Burgette Lane F, Reiter Jerome P
RAND Corporation.
Duke University, Department of Statistical Science.
Bayesian Anal. 2013 Jun 1;8(2). doi: 10.1214/13-BA816.
Multinomial outcomes with many levels can be challenging to model. Information typically accrues slowly with increasing sample size, yet the parameter space expands rapidly with additional covariates. Shrinking all regression parameters towards zero, as often done in models of continuous or binary response variables, is unsatisfactory, since setting parameters equal to zero in multinomial models does not necessarily imply "no effect." We propose an approach to modeling multinomial outcomes with many levels based on a Bayesian multinomial probit (MNP) model and a multiple shrinkage prior distribution for the regression parameters. The prior distribution encourages the MNP regression parameters to shrink toward a number of learned locations, thereby substantially reducing the dimension of the parameter space.
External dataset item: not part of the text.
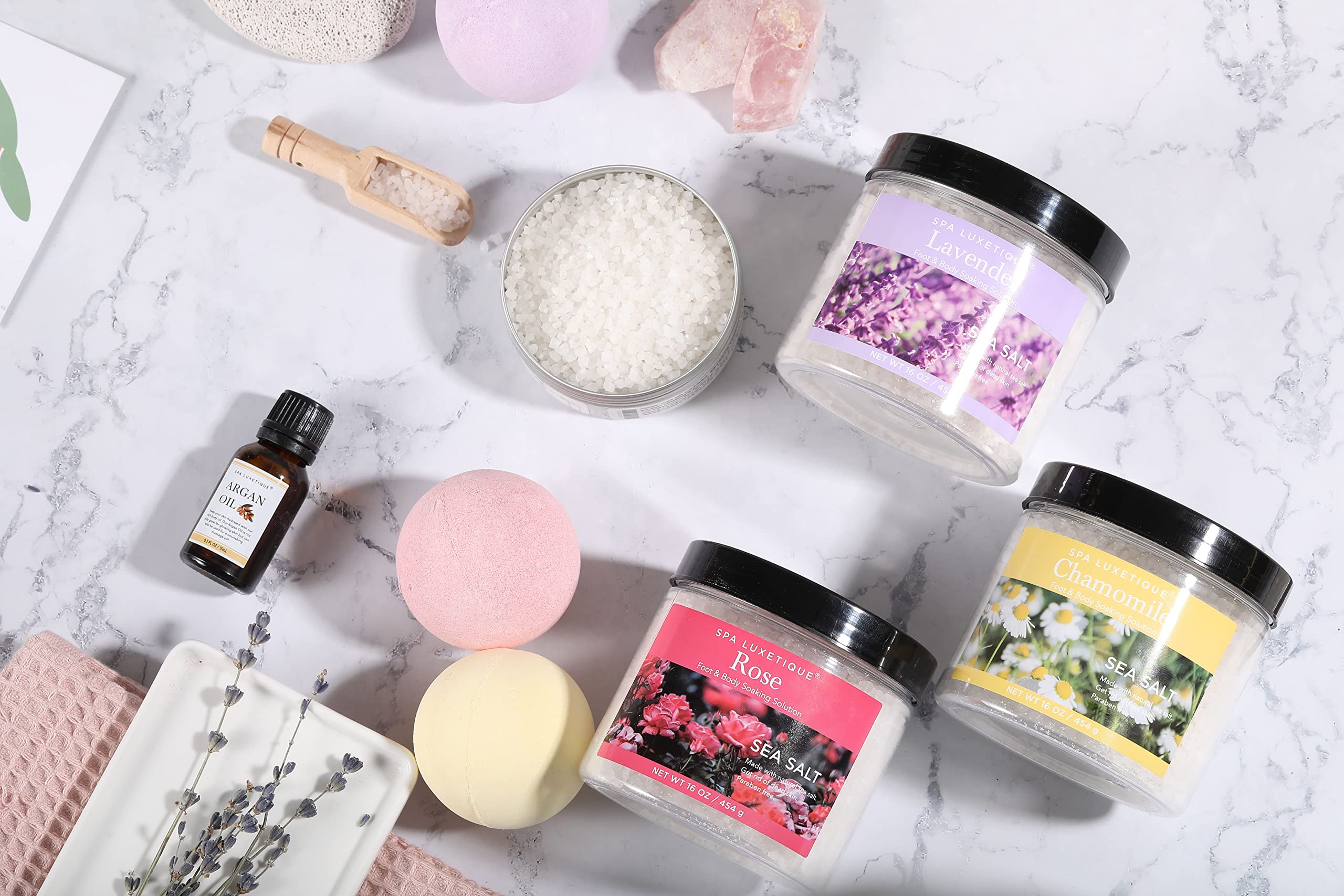 Spa Luxetique bath bombs fizzing to create a rich, moisturizing soak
Using simulated data, we compare the predictive performance of this model against two other recently-proposed methods for big multinomial models. The results suggest that the fully Bayesian, multiple shrinkage approach can outperform these other methods. We apply the multiple shrinkage MNP to simulating replacement values for areal identifiers, e.g., census tract indicators, in order to protect data confidentiality in public use datasets.
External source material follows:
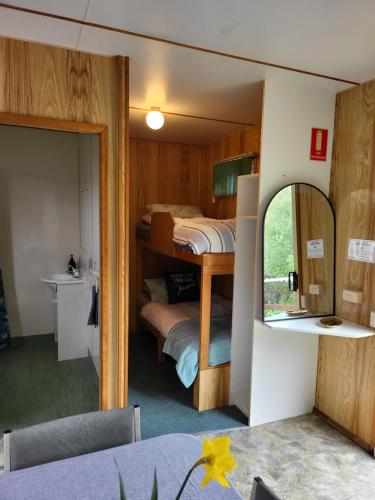 a room with a bunk bed and a mirror at Queenstown Copper Country Cabins in Queenstown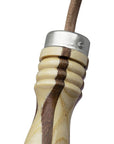 Close up of a wooden handle on a jump rope for fitness.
具有多个水平的多项结果建模可能具有挑战性。随着样本量的增加,信息通常积累缓慢,但参数空间会随着额外的协变量迅速扩展。像在连续或二元响应变量模型中经常做的那样,将所有回归参数向零收缩并不令人满意,因为在多项模型中设置参数等于零并不一定意味着“无效应”。我们提出一种基于贝叶斯多项概率单位(MNP)模型和回归参数的多重收缩先验分布来对具有多个水平的多项结果进行建模的方法。先验分布鼓励MNP回归参数向多个学习到的位置收缩,从而大幅降低参数空间的维度。使用模拟数据,我们将该模型的预测性能与最近提出的另外两种用于大型多项模型的方法进行比较。结果表明,完全贝叶斯多重收缩方法可以优于其他方法。我们将多重收缩MNP应用于模拟区域标识符(例如人口普查区指标)的替换值,以保护公共使用数据集中的数据机密性。